Although the extreme wealth and caste system was upsetting, it wasn’t why I was there. I had to stay focused on the treatment of women. But how would I find them and rescue them if they were all holed up, unable to drive or read? Do I embark on a door-to-door deal like the Mormons? Or maybe like a Mary Kay saleslady, since the Middle East seems pretty set in terms of having committed to a religion? Should I hand out flyers letting everyone know that I had landed and was ready to inspire them? I guess I was just going to have to really “lean in” and scale the walls of the tyrannical domiciles to find which women needed rescuing.
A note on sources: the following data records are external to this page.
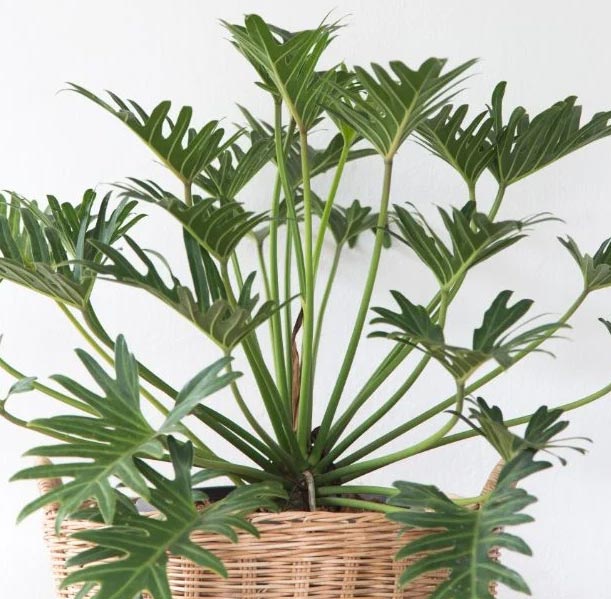 Njega filodendrona xanadu (Thaumatophyllum xanadu) 5 wop kh3nlpiiu7j3cn7376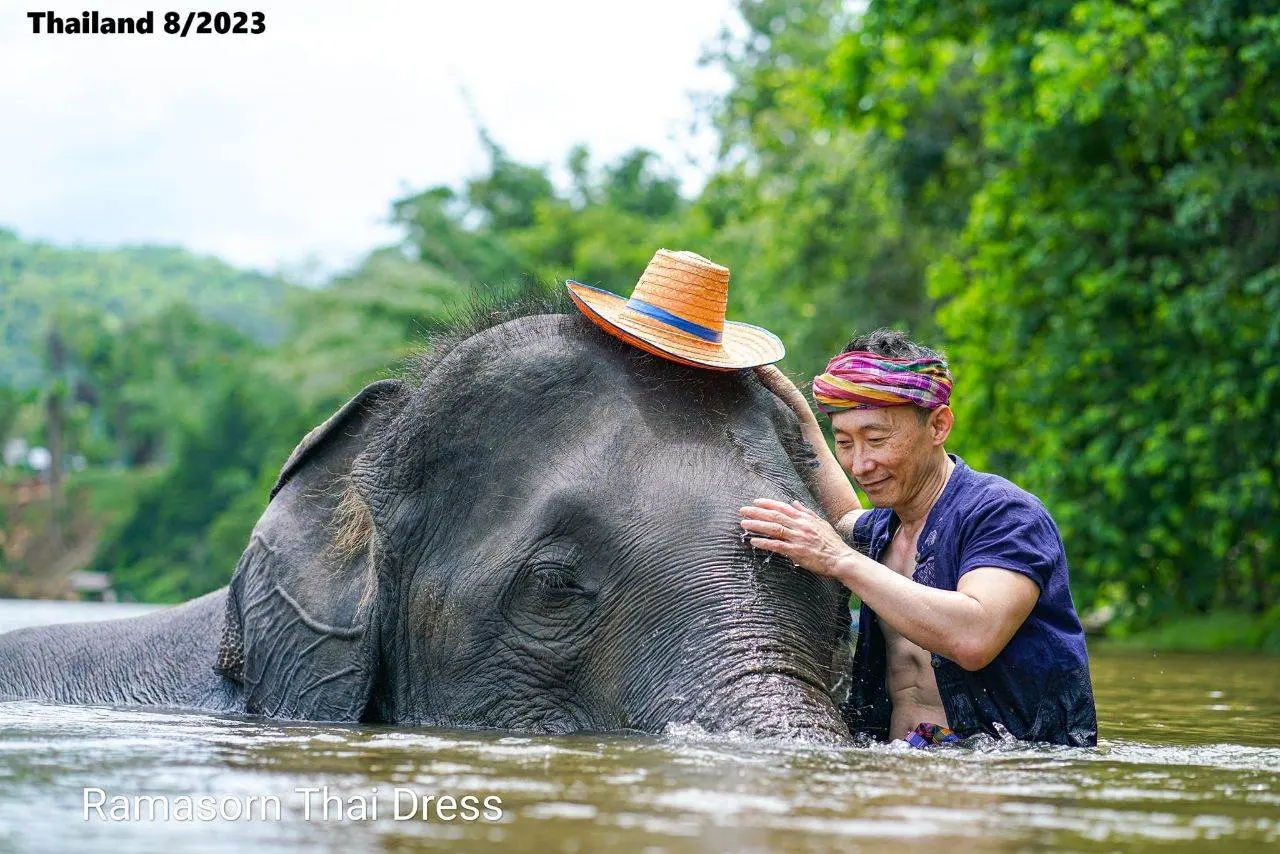 Thai Guy and the Elephant 🇹🇭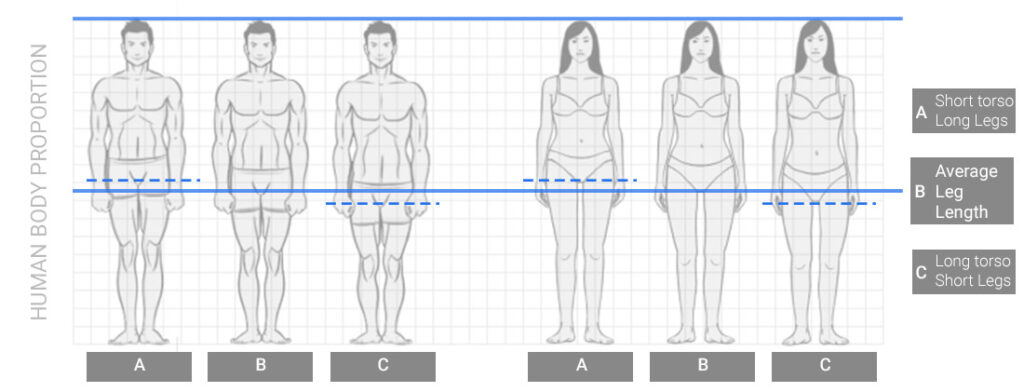 Human body leg length comparison diagram - iWALKFree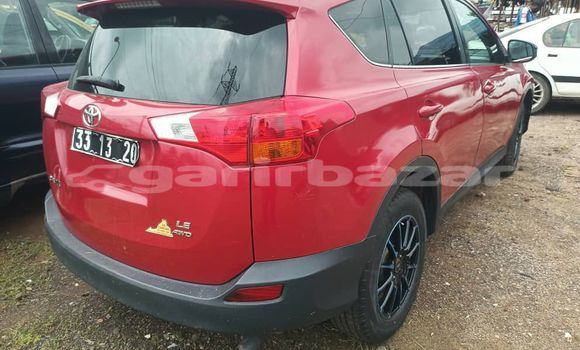 Buy Import Toyota RAV4 Red Car in Douala in Littoral Cameroon Buy Import Toyota RAV4 Red Car in Douala in Littoral Cameroon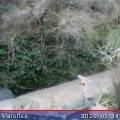 2012-01-05t13-31_hain_marottes.jpeg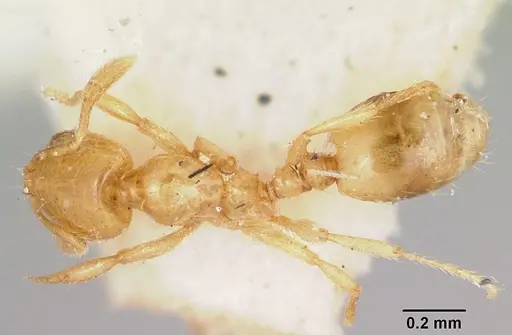 Solenopsis corticalis specimen CASENT0103207 image casent0103207_1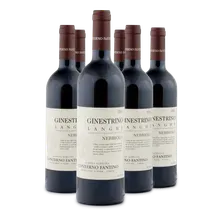 2024 Langhe Nebbiolo DOC Ginestrino 2024 Langhe Nebbiolo DOC Ginestrino
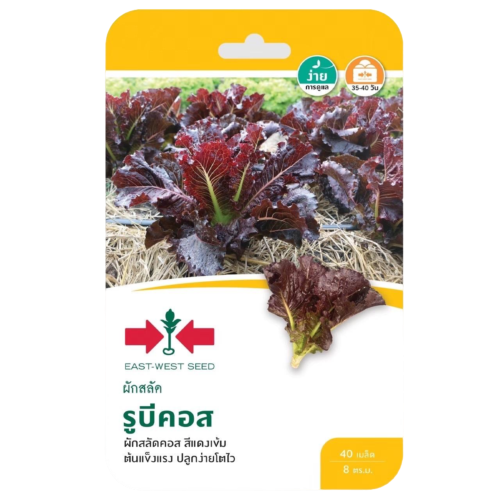 สลัดรูบีคอสOPศรแดงGG*600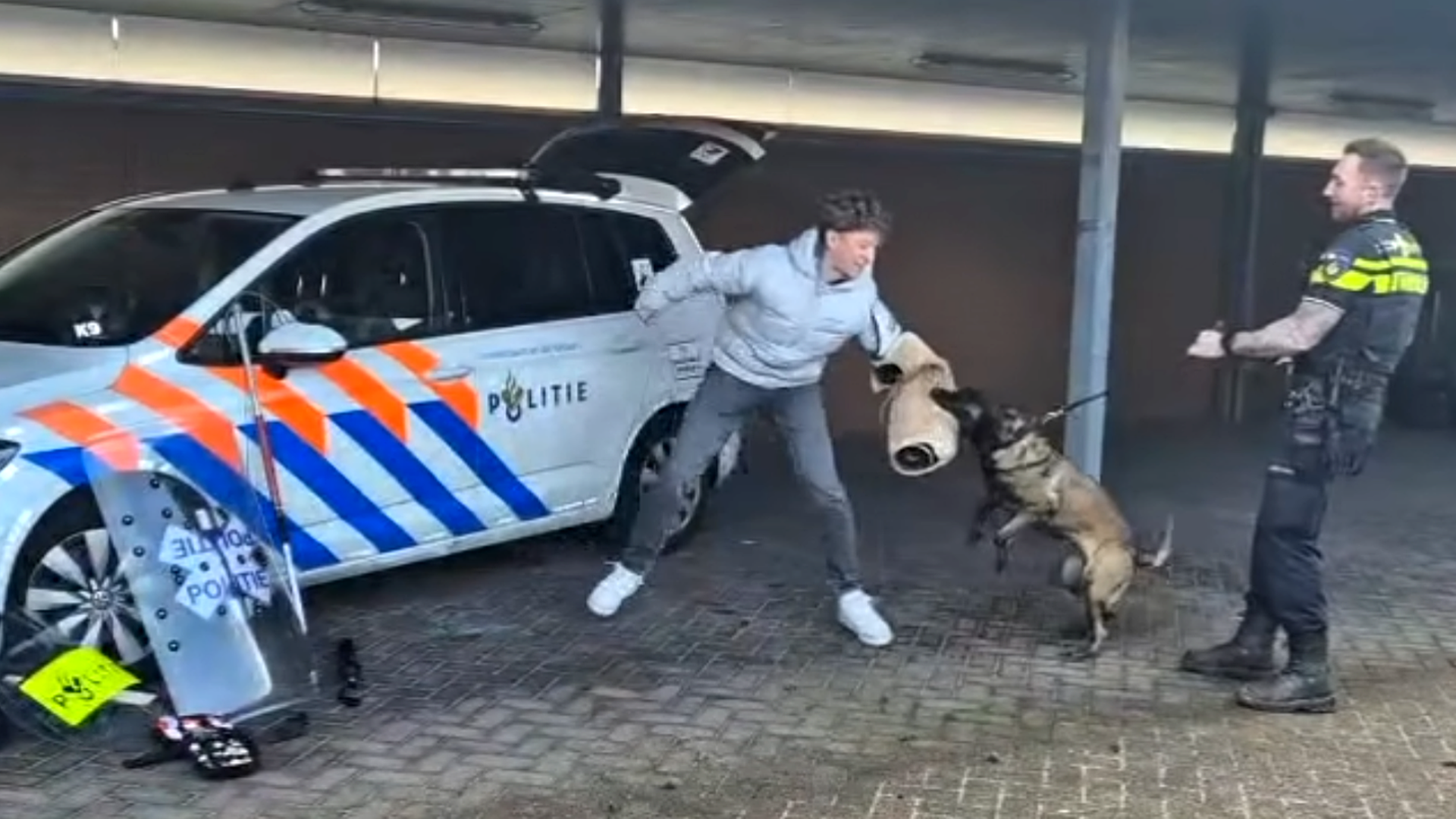 Politieagent met hond traint een persoon met beschermende mouw naast politieauto.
Look, nobody said being a hero was going to be easy.
Imagine my surprise when we got to the hotel and everywhere I looked there were women, but not the type of women I expected to see. I thought they’d all be in opaque flowing garb, covering everything but their hollow eyes, floating around like cartoon ghosts. Instead, I saw women in—gasp—jeans, short shorts, belly-baring tops, strappy sandals. I was very confused. This was not the Middle East I signed up to save! I went to the pool of my hotel and women were in bathing suits! Some of them didn’t even seem to be wearing sunscreen, much less a hijab. I thought I was going to have to help these women fight oppression by giving them permission to remove their garb, but every woman I saw made me turn into a mom and want to cover them up.
I was quickly informed that my hotel and the area I was staying was filled with mostly tourists and high-class prostitutes, so I wasn’t getting a real sample of what the Middle East was really like. Hanging there was like eating spaghetti from the Olive Garden and saying you’re Italian, so I was gonna have to venture out of the westernized bubble I was staying in to actively seek the women I needed to rescue. After all, Liam Neeson didn’t just mosey on over to France and bump into his daughter’s captors at the Auntie Anne’s Pretzel stand at Charles de Gaulle. He had to seek her out. Oppressed women weren’t going to be in my hotel lobby waiting for me. I was going to have to track them down, so I decided to go where all sad, oppressed people who don’t work or drive usually hang out: the mall.